Originally appeared in The Daily.
Libyan refugees and opposition groups say the most feared presence on the streets of Tripoli are mercenaries from elsewhere in Africa who drive around in tan-colored military jeeps and shoot anything that moves.
The country remains a swirl of rumors, but a constant theme is trigger-happy, non-Arabic-speaking foreigners who try to spread fear and persuade protesters to return to their homes. “We don’t know where they’re coming from,” one man told a Reuters TV crew after fleeing across the Egyptian border. “They’re African mercenaries. They’re shooting people randomly.”
On Saturday, two days after Libya erupted into civil war, the first videos showed corpses of the foreign fighters, sent by Moammar Gadhafi to recapture Benghazi, Libya’s rebellious second-largest city. The videos showed a man with a dark complexion and grievous wounds to the head and chest. Other videos are furtive shots of men in uniform, their blurry faces looking dark enough to be black African.

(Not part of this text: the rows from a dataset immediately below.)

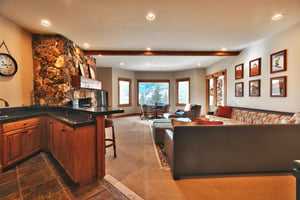 Medium toned wooden wet bar with a black countertop and bar seating, located in the second living room.
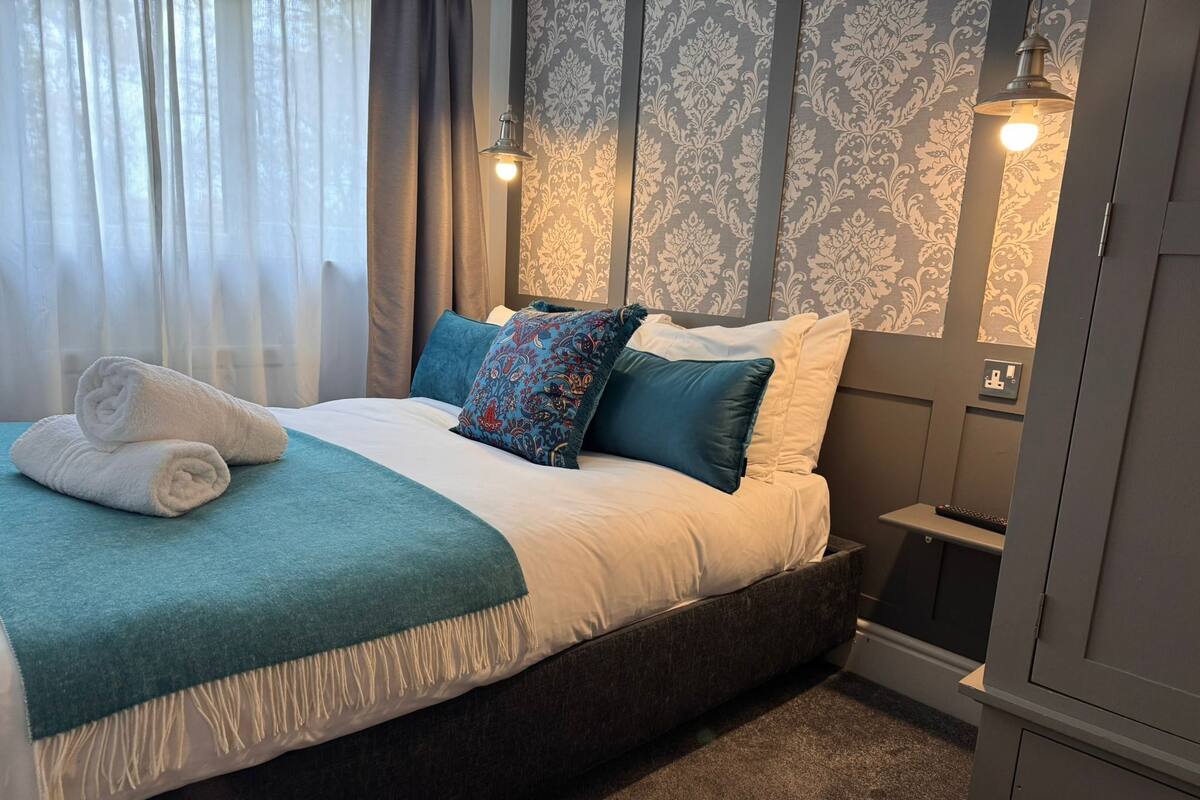 Una cama bien tendida con un edredón verde azulado, dos toallas enrolladas y almohadas estampadas.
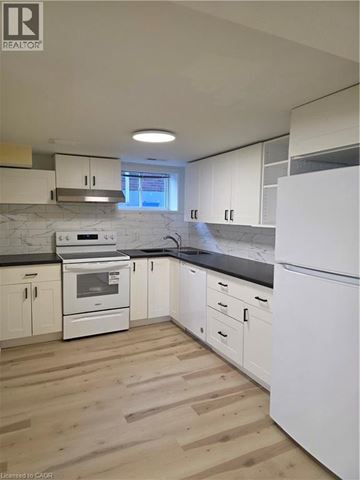 Hamilton apartment for rent - A kitchen with white appliances and wooden floors.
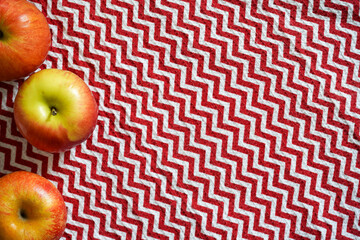 Red table cloth zigzag texture with apples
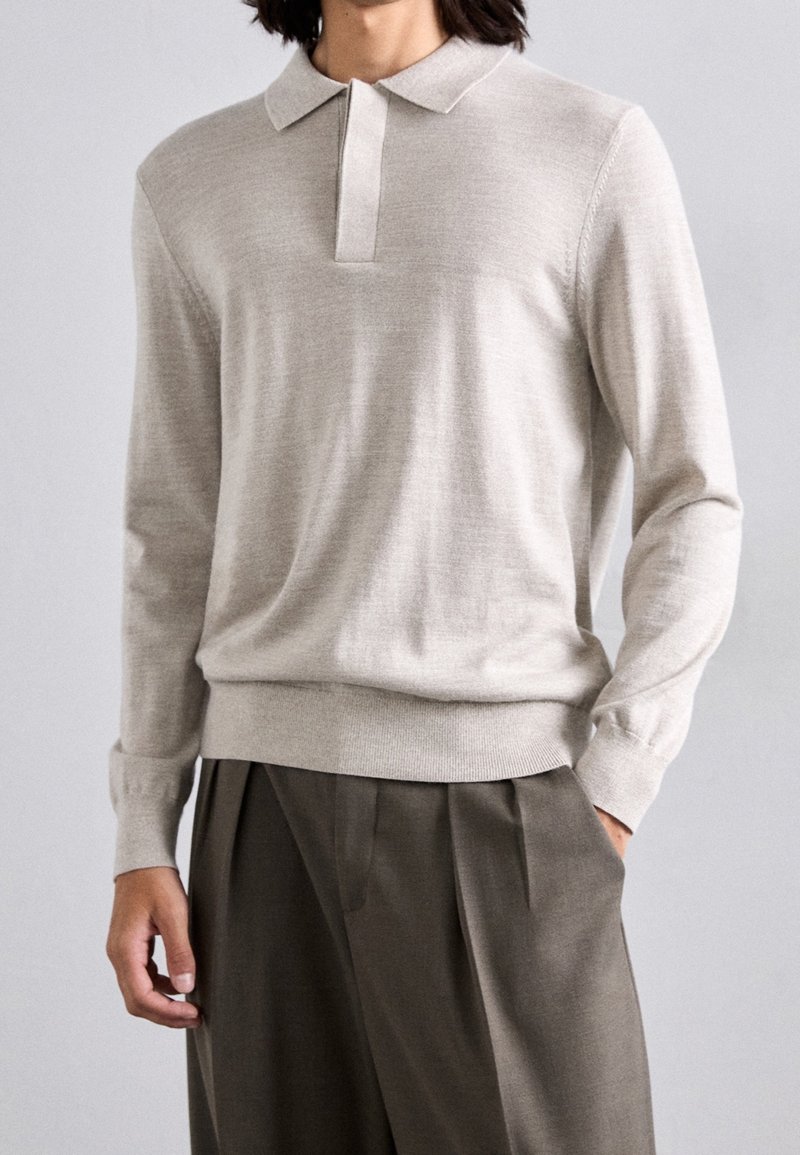 Pull polo beige à manches longues avec une patte de boutonnage sur le devant, des poignets côtelés et une coupe décontractée. Fabriqué dans un tissu doux et lisse. Associé à un pantalon gris.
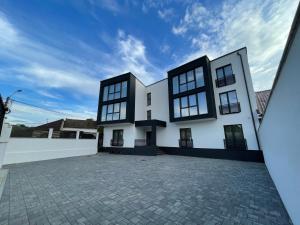 a white house with black windows and a brick driveway at Concept Apartments Budiului 42 in Târgu-Mureş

But it’s not clear what the images prove. Many Libyans have dark skin, and race has been hugely divisive in Libya throughout Gadhafi’s rule. Gadhafi has zealously pursued ties with sub-Saharan Africa, sometimes at the expense of ties to the Arab world. As a result, Arab Libyans have been distrustful of black Africans (and often call them “abd,” or “slave,” which is only slightly less derogatory in Arabic than in English). These Libyans are now afraid that Gadhafi’s black friends are repaying his loyalty in blood.
Gadhafi has a history of cultivating mercenary groups, both overseas and inside Libya itself. Al Jazeera broadcast images of foreign passports, allegedly taken by rebels from Gadhafi-supporting foreign fighters. Citizens of Ethiopia, Djibouti and Somalia were among them, and Al Arabiya reports that in Ghana and Nigeria, Gadhafi is posting ads for $2,000-per-day work as soldiers in Libya. Videos have circulated of soldiers, allegedly from French-speaking West Africa, where Gadhafi began trying to start an Islamic state in the early 1970s. The French-speaking killers are said to wear yellow hats.
What still isn’t clear is why Gadhafi would trust foreign mercenaries more than his own soldiers, who have served him much longer and have more to lose if the revolution succeeds.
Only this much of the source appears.